Problem requirements = What you return must be every line below that includes the word "Club".

Provided entries =
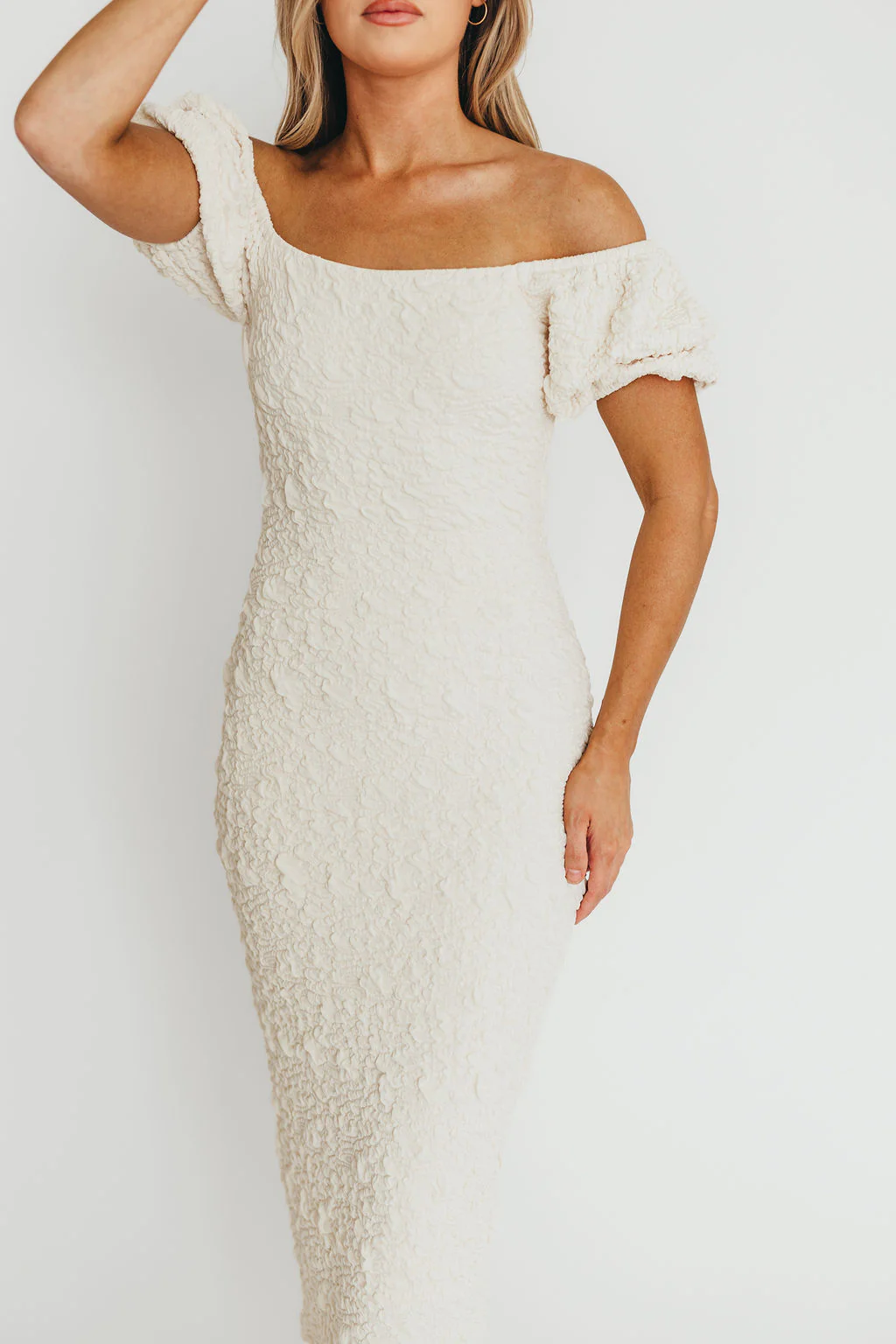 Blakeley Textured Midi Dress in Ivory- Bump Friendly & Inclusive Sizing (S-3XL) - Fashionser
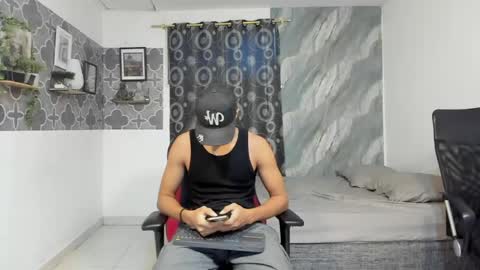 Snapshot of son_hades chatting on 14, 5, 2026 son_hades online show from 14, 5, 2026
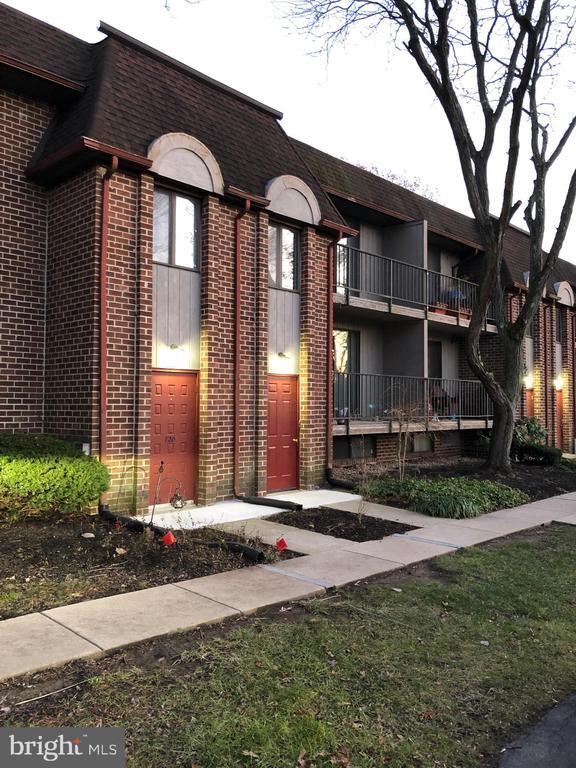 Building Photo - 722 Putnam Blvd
* * *
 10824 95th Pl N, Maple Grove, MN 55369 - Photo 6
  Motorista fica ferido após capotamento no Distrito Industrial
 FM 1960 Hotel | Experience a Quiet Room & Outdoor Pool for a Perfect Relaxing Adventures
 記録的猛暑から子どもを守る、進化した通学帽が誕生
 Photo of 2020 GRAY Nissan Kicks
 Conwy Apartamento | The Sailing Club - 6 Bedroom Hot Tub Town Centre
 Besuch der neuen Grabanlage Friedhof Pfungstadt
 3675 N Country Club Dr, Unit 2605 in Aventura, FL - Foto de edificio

Reply to the exercise =
 Conwy Apartamento | The Sailing Club - 6 Bedroom Hot Tub Town Centre
 3675 N Country Club Dr, Unit 2605 in Aventura, FL - Foto de edificio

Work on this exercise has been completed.